_Exercise description_
From the data below, set down exactly the lines between the one holding "Schattigee kerstkerstboom rechthoekige" and the one holding "Machine Brain Glitch", inclusive, and no others.
^^^^
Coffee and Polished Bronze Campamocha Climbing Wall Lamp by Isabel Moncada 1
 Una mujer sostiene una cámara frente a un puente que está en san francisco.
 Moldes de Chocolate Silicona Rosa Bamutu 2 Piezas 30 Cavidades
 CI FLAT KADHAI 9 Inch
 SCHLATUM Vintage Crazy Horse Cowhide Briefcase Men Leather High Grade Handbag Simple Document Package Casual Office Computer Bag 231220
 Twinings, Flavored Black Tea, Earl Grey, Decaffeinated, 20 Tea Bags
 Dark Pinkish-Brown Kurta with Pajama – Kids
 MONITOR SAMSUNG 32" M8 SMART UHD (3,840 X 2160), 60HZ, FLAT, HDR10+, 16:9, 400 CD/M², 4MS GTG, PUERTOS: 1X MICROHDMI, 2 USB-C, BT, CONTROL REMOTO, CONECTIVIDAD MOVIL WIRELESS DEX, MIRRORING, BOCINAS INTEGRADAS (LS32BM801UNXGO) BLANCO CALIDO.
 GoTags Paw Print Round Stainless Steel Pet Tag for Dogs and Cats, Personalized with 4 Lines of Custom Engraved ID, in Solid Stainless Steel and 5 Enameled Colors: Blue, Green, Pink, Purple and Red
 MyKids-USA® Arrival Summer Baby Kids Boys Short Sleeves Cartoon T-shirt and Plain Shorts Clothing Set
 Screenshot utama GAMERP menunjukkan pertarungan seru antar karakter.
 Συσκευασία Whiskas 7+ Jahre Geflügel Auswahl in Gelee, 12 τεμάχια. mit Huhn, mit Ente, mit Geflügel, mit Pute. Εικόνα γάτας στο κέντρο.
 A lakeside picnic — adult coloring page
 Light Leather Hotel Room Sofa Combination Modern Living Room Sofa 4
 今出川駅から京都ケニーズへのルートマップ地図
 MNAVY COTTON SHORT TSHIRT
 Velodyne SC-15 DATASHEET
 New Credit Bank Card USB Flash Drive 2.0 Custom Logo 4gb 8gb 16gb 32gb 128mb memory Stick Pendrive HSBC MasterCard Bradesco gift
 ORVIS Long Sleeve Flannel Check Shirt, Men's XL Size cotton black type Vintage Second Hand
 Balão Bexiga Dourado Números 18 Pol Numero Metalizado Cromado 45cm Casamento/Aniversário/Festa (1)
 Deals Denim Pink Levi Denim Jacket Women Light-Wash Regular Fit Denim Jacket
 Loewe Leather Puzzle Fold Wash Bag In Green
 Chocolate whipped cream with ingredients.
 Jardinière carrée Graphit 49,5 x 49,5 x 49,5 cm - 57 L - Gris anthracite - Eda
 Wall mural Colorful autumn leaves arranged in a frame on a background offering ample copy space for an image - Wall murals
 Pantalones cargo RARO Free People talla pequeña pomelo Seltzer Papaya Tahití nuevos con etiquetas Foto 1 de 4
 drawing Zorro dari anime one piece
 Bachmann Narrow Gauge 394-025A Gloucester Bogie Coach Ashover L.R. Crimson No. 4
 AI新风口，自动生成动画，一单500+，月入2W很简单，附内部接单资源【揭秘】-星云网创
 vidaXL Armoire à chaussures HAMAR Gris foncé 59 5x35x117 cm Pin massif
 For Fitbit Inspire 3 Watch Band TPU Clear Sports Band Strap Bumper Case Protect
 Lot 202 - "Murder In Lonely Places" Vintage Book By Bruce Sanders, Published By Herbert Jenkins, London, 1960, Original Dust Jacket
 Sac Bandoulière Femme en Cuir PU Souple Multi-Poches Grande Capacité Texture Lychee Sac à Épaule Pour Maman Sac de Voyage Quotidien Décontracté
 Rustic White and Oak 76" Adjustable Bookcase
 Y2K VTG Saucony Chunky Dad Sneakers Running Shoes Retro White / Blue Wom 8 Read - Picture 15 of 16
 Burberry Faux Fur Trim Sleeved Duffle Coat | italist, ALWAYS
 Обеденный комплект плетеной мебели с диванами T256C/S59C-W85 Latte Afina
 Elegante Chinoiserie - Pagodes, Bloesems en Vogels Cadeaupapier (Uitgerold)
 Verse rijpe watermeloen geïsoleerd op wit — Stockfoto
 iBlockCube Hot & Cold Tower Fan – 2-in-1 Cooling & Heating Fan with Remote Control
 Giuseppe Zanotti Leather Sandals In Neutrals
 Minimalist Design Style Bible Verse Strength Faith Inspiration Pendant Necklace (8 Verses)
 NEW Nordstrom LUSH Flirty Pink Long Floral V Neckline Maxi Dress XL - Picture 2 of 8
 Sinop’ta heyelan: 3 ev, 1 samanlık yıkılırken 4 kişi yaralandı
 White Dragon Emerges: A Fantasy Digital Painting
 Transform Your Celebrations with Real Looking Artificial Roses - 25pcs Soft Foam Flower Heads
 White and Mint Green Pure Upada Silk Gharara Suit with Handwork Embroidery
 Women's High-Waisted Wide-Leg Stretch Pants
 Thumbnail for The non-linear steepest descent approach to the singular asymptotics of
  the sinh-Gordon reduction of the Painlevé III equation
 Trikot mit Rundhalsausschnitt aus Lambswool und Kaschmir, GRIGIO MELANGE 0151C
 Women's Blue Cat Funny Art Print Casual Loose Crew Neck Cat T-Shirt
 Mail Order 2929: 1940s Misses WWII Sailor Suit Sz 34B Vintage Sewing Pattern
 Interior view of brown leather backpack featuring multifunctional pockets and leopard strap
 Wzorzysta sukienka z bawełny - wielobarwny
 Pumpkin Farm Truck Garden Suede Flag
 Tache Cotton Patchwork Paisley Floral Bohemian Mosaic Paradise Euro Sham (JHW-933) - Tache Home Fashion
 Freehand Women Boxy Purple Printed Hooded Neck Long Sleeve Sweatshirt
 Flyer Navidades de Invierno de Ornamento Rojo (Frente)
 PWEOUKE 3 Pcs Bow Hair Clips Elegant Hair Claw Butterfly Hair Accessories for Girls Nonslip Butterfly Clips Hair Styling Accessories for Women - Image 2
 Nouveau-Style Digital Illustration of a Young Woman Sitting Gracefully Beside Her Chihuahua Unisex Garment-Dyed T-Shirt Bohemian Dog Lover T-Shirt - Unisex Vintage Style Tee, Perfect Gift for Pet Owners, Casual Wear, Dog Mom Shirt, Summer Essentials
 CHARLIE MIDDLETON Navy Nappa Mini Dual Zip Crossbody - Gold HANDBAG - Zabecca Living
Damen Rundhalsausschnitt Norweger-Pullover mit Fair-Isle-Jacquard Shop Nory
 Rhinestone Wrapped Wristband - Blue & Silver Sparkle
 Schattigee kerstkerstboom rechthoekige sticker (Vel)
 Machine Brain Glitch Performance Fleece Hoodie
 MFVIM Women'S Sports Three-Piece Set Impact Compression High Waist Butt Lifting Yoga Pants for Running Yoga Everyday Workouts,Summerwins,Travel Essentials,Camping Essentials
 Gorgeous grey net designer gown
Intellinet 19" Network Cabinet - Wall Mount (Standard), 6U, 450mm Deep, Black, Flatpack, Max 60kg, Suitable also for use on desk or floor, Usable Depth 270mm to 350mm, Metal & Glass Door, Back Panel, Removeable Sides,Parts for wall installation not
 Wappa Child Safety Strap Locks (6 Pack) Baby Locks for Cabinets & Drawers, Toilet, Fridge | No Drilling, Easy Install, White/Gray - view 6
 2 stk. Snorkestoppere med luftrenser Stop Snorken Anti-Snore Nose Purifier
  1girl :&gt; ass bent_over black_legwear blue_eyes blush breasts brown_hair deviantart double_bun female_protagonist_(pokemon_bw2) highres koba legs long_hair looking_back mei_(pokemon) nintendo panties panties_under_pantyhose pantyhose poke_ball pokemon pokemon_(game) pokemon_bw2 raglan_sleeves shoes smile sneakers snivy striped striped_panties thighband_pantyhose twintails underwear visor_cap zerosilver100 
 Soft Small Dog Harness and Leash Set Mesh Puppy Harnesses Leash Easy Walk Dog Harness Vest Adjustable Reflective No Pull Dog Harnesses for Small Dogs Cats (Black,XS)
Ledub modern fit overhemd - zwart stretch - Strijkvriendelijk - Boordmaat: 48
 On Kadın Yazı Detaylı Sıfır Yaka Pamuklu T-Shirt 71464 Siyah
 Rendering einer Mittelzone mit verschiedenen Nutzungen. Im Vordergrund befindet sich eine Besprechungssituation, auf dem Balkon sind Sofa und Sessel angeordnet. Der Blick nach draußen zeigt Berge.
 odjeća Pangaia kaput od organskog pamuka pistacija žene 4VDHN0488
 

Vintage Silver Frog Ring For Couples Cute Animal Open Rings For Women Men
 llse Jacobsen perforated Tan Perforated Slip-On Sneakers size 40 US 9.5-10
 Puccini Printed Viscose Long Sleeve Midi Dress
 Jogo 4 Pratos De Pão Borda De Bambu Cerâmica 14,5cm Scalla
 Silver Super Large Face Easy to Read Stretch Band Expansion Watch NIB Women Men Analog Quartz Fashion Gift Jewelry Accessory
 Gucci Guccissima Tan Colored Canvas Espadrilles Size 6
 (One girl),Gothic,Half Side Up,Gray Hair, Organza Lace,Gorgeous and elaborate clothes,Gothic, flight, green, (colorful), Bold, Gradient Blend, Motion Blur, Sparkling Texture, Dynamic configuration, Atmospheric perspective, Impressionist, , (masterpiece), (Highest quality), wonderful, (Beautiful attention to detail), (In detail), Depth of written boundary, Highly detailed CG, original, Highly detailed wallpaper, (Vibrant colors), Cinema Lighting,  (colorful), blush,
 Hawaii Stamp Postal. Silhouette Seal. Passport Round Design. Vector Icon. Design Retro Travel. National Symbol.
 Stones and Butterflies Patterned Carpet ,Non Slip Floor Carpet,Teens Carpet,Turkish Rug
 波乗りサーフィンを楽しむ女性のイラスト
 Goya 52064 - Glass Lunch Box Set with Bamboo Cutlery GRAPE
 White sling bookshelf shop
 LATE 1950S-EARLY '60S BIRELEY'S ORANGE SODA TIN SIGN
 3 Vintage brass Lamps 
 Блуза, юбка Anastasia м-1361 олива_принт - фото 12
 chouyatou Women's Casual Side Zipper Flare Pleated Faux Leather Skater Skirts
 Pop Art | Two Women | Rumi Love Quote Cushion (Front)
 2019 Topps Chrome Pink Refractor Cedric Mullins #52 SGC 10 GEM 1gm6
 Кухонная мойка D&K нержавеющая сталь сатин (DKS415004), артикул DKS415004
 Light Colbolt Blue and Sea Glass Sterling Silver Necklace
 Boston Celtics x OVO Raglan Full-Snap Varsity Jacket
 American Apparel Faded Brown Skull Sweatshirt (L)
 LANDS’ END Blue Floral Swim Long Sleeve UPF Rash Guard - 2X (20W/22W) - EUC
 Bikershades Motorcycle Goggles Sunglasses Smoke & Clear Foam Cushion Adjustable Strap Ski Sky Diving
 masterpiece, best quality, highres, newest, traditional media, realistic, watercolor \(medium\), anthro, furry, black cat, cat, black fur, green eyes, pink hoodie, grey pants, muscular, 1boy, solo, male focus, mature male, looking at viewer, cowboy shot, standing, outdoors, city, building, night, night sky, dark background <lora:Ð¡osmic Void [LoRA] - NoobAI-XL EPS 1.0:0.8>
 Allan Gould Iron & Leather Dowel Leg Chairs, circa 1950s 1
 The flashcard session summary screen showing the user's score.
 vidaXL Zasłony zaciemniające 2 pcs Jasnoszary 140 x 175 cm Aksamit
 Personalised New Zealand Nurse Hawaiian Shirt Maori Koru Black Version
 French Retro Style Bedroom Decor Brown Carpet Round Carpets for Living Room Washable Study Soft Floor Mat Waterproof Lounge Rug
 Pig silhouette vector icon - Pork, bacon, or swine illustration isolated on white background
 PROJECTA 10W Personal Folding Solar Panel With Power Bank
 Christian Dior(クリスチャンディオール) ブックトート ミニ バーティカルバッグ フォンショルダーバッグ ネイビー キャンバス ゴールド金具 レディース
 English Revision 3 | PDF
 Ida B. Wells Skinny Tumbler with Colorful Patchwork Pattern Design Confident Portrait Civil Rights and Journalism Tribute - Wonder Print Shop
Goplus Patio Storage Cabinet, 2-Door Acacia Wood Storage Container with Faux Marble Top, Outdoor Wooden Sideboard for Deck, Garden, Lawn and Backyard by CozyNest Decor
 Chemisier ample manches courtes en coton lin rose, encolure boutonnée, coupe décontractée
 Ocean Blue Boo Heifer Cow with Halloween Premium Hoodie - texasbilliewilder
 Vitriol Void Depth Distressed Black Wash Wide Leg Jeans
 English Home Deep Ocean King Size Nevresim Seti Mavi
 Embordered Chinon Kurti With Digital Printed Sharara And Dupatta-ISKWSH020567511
^^^^
_Reply to the task_
 Schattigee kerstkerstboom rechthoekige sticker (Vel)
 Machine Brain Glitch Performance Fleece Hoodie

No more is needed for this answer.